La “Verdi” apre la nuova stagione


Primo appuntamento della Stagione 2011-2012 per laVerdi all'Auditorium. Il programma è di quelli talmente classici da sfiorare lo stomachevole, ma una certa qual sostenutezza la si può anche accettare, data la circostanza inaugurale. Del resto, che laVerdi sappia come cavarsela anche con opere ed autori meno inflazionati è stato dimostrato non più tardi di domenica scorsa, con il trionfale War Requiem alla Scala.

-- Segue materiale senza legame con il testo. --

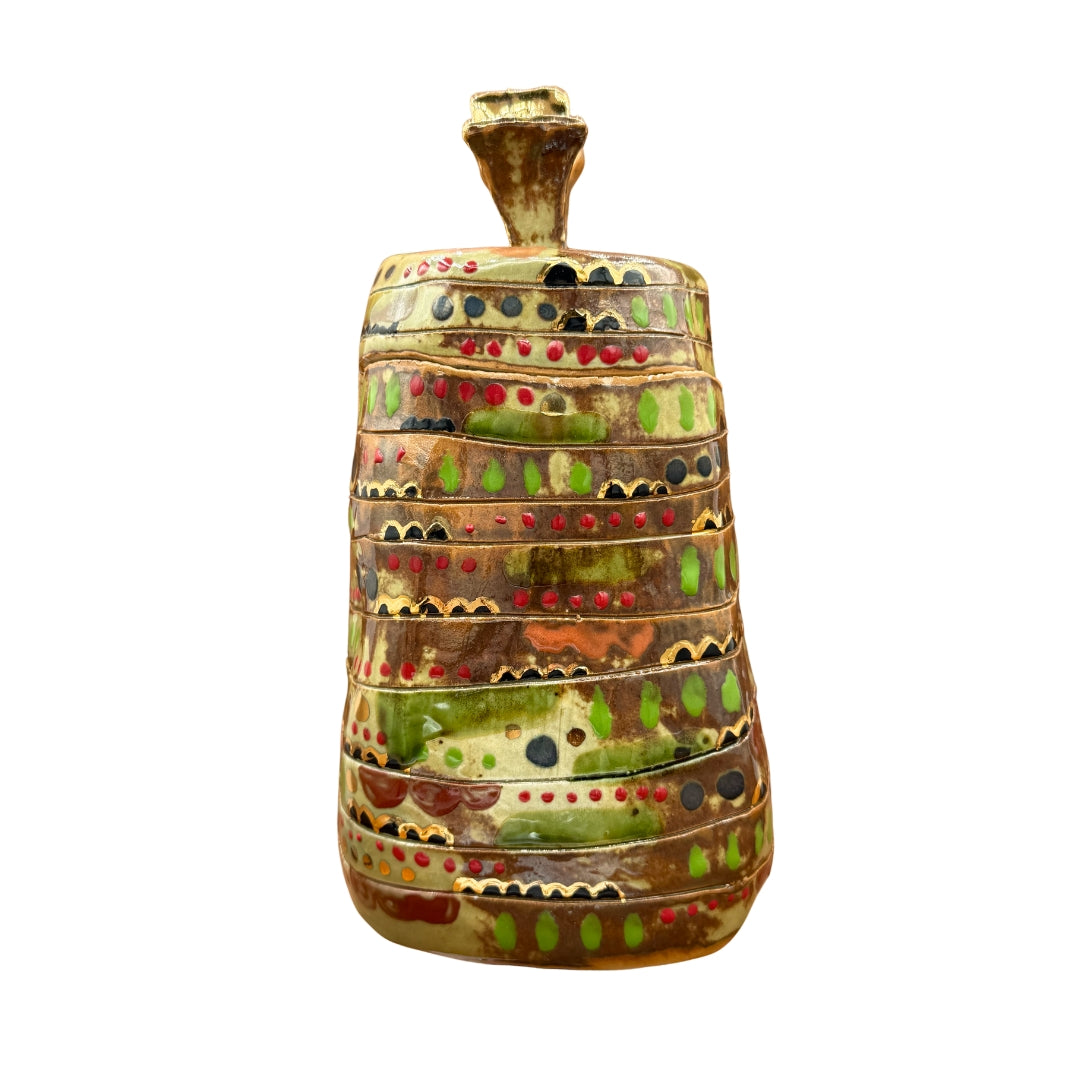 Tall Green and Gold Ceramic Box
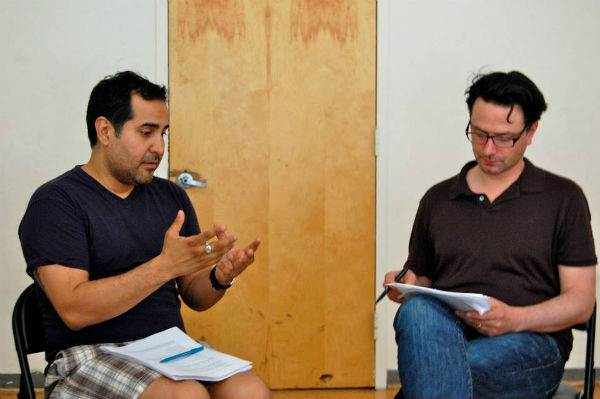 At the read-through. This is the opening scene, in which a young boy (OK, imagine he's 10) explains to the principal how he threw a rock into a hornet's nest.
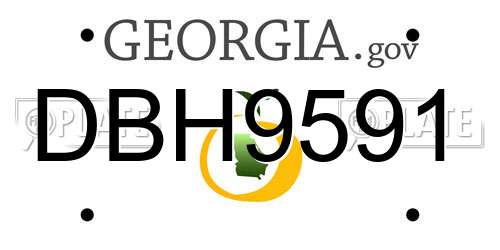 DBH9591 Georgia License Plate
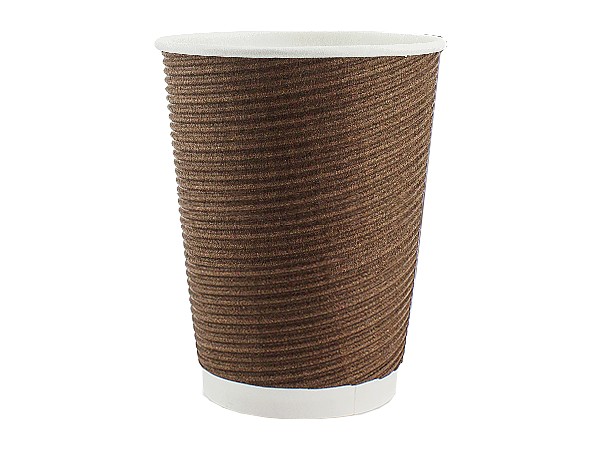 Стакан 430мл паперовий гофра коричневий 25шт АПХ_1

Però, diciamo la verità, riproporre troppo di frequente titoli come questi fa correre un serio rischio: che i direttori e/o i solisti – tanto per differenziarsi e non venire tacciati di essere custodi di musei ammuffiti – e il pubblico – per non annoiarsi e sentire qualcosa di nuovo – propongano, e rispettivamente acclamino, interpretazioni cervellotiche o gigionesche, rendendo così un pessimo servizio alla musica. Grazie a dio ieri l'abbiamo scampata, ma non sempre è così…

È il 41enne Lars Vogt a cimentarsi d'acchito con un mostro sacro, l'Imperatore di Beethoven. Soprattutto nell'iniziale Allegro ne dà una visione nervosa, secca, con poco legato, quasi cattiva (ma qui siamo all'interno dei confini della sacrosanta libertà dell'interprete). Poi nell'Adagio un poco mosso tira fuori una buona cantabilità, scatenandosi ancora nel Rondò. Bravissima Xian nell'assecondare l'interpretazione del solista, lungamente acclamato e che ci allieta con questo bis.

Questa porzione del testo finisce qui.